ABOUT THIS EXERCISE - Without changing a thing, reproduce the entire listing and leave out its pictures.

AVAILABLE RECORDS -
# # #
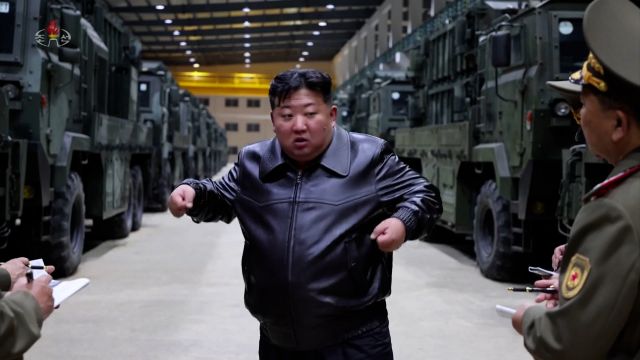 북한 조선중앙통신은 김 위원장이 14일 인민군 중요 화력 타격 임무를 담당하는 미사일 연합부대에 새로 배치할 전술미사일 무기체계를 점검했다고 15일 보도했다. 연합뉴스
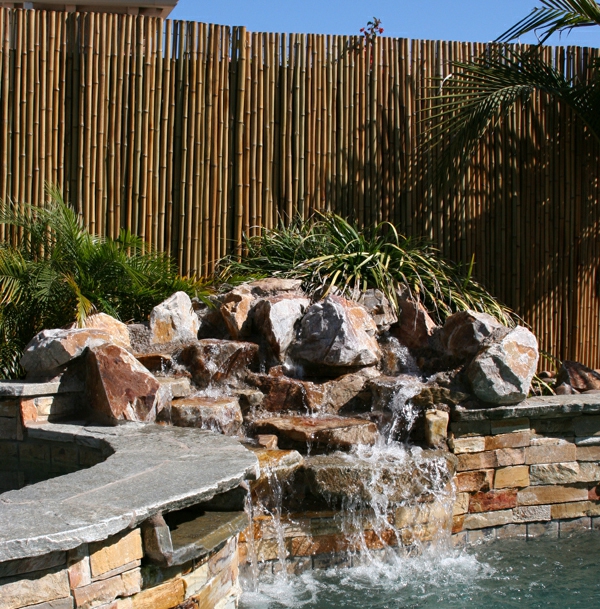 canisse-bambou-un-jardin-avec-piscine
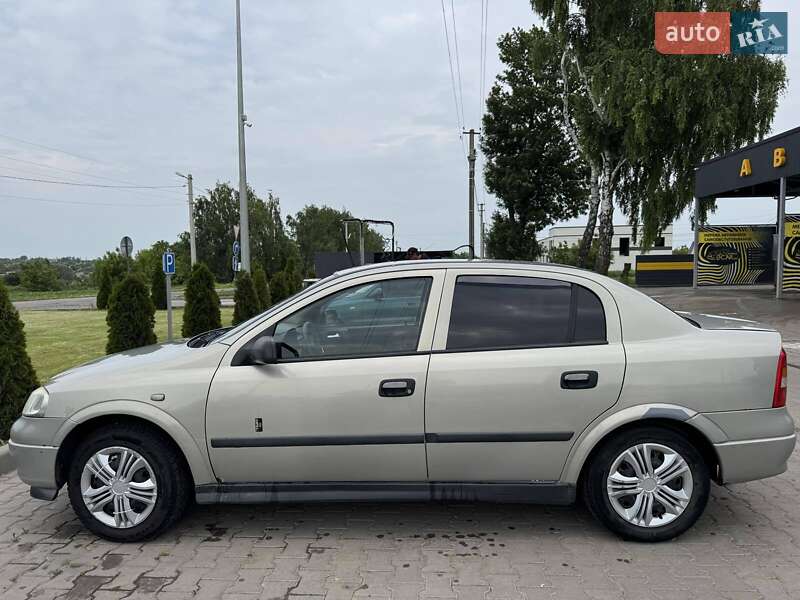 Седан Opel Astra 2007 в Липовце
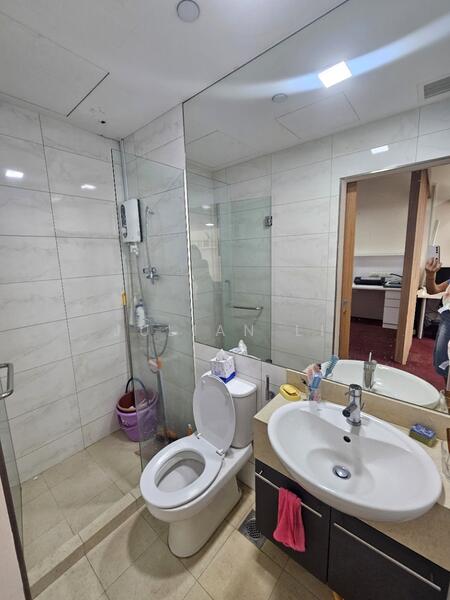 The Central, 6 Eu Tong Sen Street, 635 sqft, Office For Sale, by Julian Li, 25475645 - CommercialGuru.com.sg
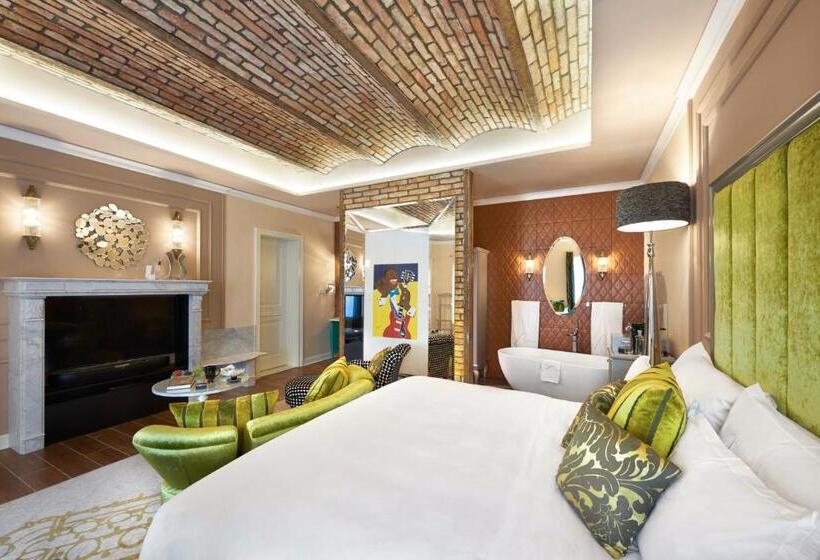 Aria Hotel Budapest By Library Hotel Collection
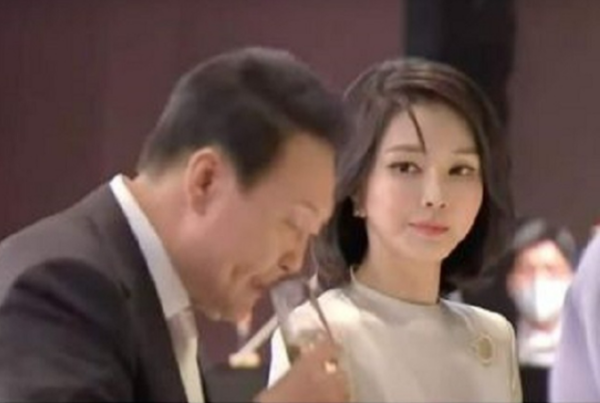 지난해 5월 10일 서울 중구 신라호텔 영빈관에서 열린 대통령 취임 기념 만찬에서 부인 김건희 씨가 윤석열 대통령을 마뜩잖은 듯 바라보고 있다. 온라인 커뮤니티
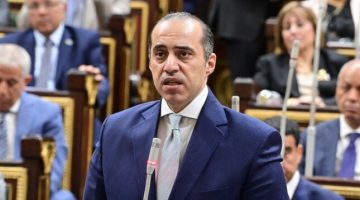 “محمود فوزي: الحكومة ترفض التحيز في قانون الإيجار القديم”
# # #
YOUR RESPONSE -
 북한 조선중앙통신은 김 위원장이 14일 인민군 중요 화력 타격 임무를 담당하는 미사일 연합부대에 새로 배치할 전술미사일 무기체계를 점검했다고 15일 보도했다. 연합뉴스
 canisse-bambou-un-jardin-avec-piscine
 Седан Opel Astra 2007 в Липовце
 The Central, 6 Eu Tong Sen Street, 635 sqft, Office For Sale, by Julian Li, 25475645 - CommercialGuru.com.sg
 Aria Hotel Budapest By Library Hotel Collection
 지난해 5월 10일 서울 중구 신라호텔 영빈관에서 열린 대통령 취임 기념 만찬에서 부인 김건희 씨가 윤석열 대통령을 마뜩잖은 듯 바라보고 있다. 온라인 커뮤니티
 “محمود فوزي: الحكومة ترفض التحيز في قانون الإيجار القديم”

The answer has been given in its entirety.